But besides crypts for devotional purposes, there are others yet existing in the metropolis of a different character, and which, from the uses they are known to have been applied to, might be termed cellars, but that their size, and the beauty and regularity of their construction, forbid so humble an appellation. The crypt of this kind beneath Crosby House, in Bishop'sgate Street, is perhaps one of the most complete, extensive, and beautiful, now in being. It consists of a central vault, (supporting the hall,) fifty-four feet long, and twenty-seven broad, with wings, shorter, but of a correspondent breadth; and a line of vaulting at the south end, running nearly to the new City of London Tavern. The whole is constructed of stone, without pillars, and terminates at top in a fine flat-pointed arch. These vaults were undoubtedly built with the house, and were depositories for the vast quantities of merchandise belonging to its founder, Sir John Crosby, who was a grocer and woolman in the reign of Edward

IV., and of such great wealth, that his mansion, style of living, and bequests, were altogether princely.

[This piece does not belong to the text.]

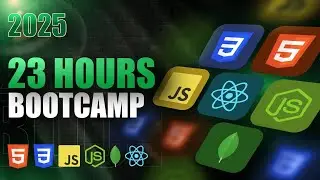 23 HOURS Free Coding Bootcamp - Build 4 Awesome Projects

In point of magnitude and elegance, the next most important crypt of this description, is that well-known one beneath Gerrard's Hall, in Basing Lane. This is supported by sixteen pillars, which divide it into aisles; but, having been frequently engraved, it needs not a more particular mention. The house over it, now Gerrard's Hall Inn and Tavern, was inhabited by Sir John Gison, Lord Mayor in 1245, and is said by Stowe to have been built over these arched vaults, of stone brought from Caen in Normandy; which makes it probable that its foundation took place not long after the Conquest. The vaults are at present used as winecellars.

Another fine Crypt, but whether originally appropriated to religious or domestic uses is not known, stands partly under the house formerly Bloxam's banking house, in Gracechurch Street, and partly under an adjoining seed-shop. Above this, in ancient times, stood the town mansion of the Earl of Ferrers, which was afterwards converted into the George Inn. The original form and dimensions of this Crypt cannot now be ascertained; but from the

description of mansion it once supported, it was probably large.

Several other mutilated portions of crypts. remain in different parts of London; but as they contain little worthy notice, their enumeration would prove uninteresting.